Would you return the lines between the one holding "Like calendar. And" and the one holding "Negative 2 is", inclusive, and only those, exactly as they stand in the listing below?

[Extracted entries — start]

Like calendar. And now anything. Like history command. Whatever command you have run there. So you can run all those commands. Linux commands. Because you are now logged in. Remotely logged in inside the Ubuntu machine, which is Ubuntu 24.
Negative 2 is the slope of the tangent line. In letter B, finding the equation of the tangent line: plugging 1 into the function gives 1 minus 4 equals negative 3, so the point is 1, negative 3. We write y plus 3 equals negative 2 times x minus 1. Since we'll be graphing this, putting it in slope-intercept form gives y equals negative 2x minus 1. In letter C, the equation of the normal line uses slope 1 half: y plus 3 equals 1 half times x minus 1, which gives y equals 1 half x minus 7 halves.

[Extracted entries — finish]
[Extracted entries — start]

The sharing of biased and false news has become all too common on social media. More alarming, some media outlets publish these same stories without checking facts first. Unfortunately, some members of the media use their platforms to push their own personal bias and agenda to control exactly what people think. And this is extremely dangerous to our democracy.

[Extracted entries — finish]

Written solution ->
Like calendar. And now anything. Like history command. Whatever command you have run there. So you can run all those commands. Linux commands. Because you are now logged in. Remotely logged in inside the Ubuntu machine, which is Ubuntu 24.
Negative 2 is the slope of the tangent line. In letter B, finding the equation of the tangent line: plugging 1 into the function gives 1 minus 4 equals negative 3, so the point is 1, negative 3. We write y plus 3 equals negative 2 times x minus 1. Since we'll be graphing this, putting it in slope-intercept form gives y equals negative 2x minus 1. In letter C, the equation of the normal line uses slope 1 half: y plus 3 equals 1 half times x minus 1, which gives y equals 1 half x minus 7 halves.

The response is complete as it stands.